3. Optimise: drive performance with experimentation

Nothing is static in a digital marketplace, and the positioning of products cannot be either. How do brands know if the right content, messaging or advertising is resonating with consumers? This requires an ongoing commitment to testing and learning. While there is the evaluation of performance from a reporting standpoint today, it is typically siloed and retroactive, coming long after major investments have been made. This approach is costly and inefficient and can be avoided with much more affordable research and experimentation upfront.

By treating every product page as its own P&L, manufacturers can hypothesise solutions based on customer insights, trends and historical data. Instead of deploying them with the hope that they will be successful, they can set up experiments to rapidly determine what will drive the optimal performance at scale. It is a quicker, more intelligent and more cost-effective path to profitability – one that is built on a foundation of facts, not opinions.

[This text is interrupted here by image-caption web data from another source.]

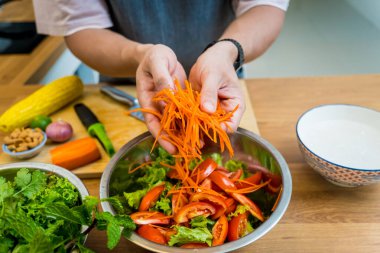 Şef mutfakta baharatlı cam erişte salatası hazırlıyor..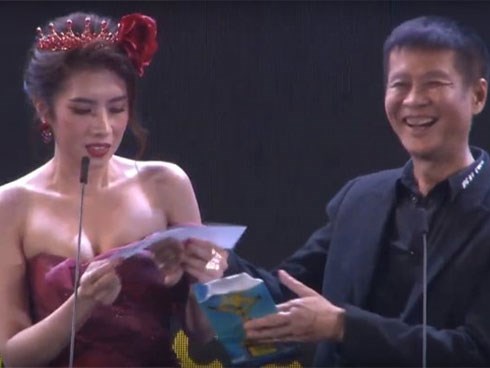 Ngôi Sao Xanh 2019: Nhầm từ nhạy cảm trên sóng trực tiếp, Hoa hậu Du lịch hô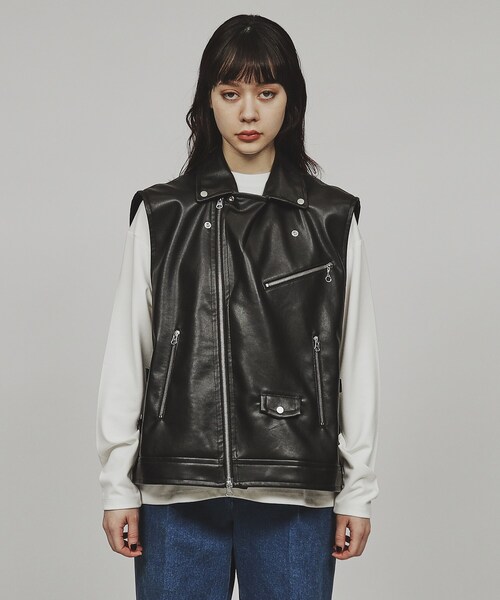 専用です！！GUCCI ダブルライダース風レザーベスト tk.TAKEO KIKUCHI（ティーケータケオキクチ）の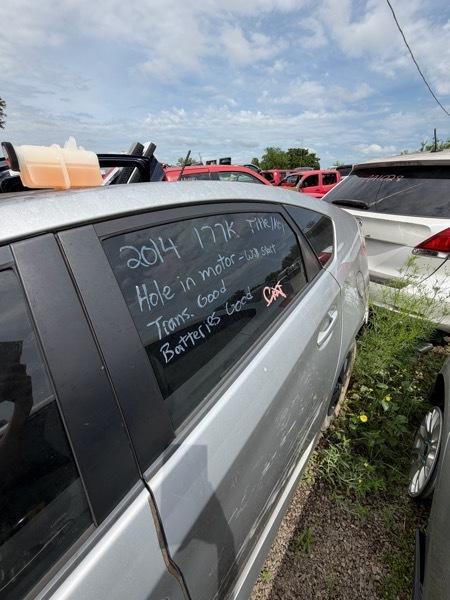 Toyota Prius Three 2014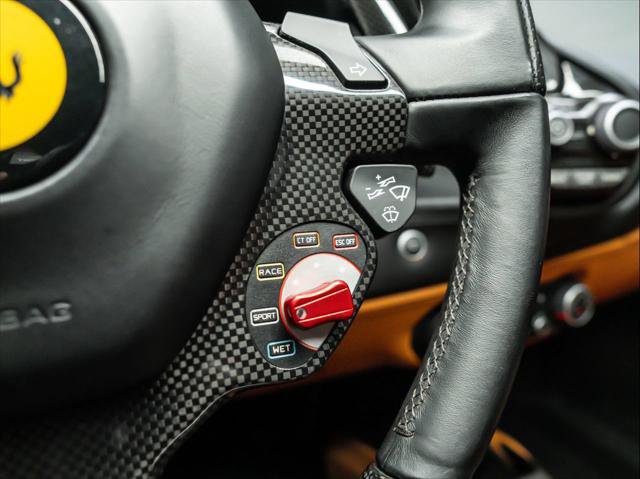 Used 2016 Ferrari 488 GTB RWD image 21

4. Originate: discover new opportunities for growth

Digital shelves give manufacturers valuable real-time customer insights that they have never had before. They know what customers are searching for across categories and products, what they are buying and what positive and negative feedback they are offering in ratings and reviews. The game-changer for manufacturers is in how they act on this gold mine of insight. Based on analysis of trending categories and shelves, manufacturers can enhance existing products or develop new ones that will satisfy an identified need among customers. They can then strategically act on these insights in different ways across different marketplaces to better forecast demand and accelerate growth. They can even evaluate acquisition targets based on current shelf performance relative to competitors.

Be your own superhero

For many years, the dynamic between manufacturers and retailers went largely unchanged. The status quo ruled. Those days are over and manufacturers must transform to catch up to new age retailers. Most companies have responded by managing every marketplace as a standalone channel, delivering basic content to each one and crafting brand experiences based on gut instinct or readily available content.

Superhero players will, however, take a holistic approach. They will transform their organisation to manage across marketplaces with cross-functional teams, tailor content to differentiate products and brands, use data-driven experimentation and automation to optimise performance at scale and tap into these marketplaces for insights to capitalise on new opportunities for growth. This is how manufacturers can harness their superpowers for superior performance in the next wave of brand experiences.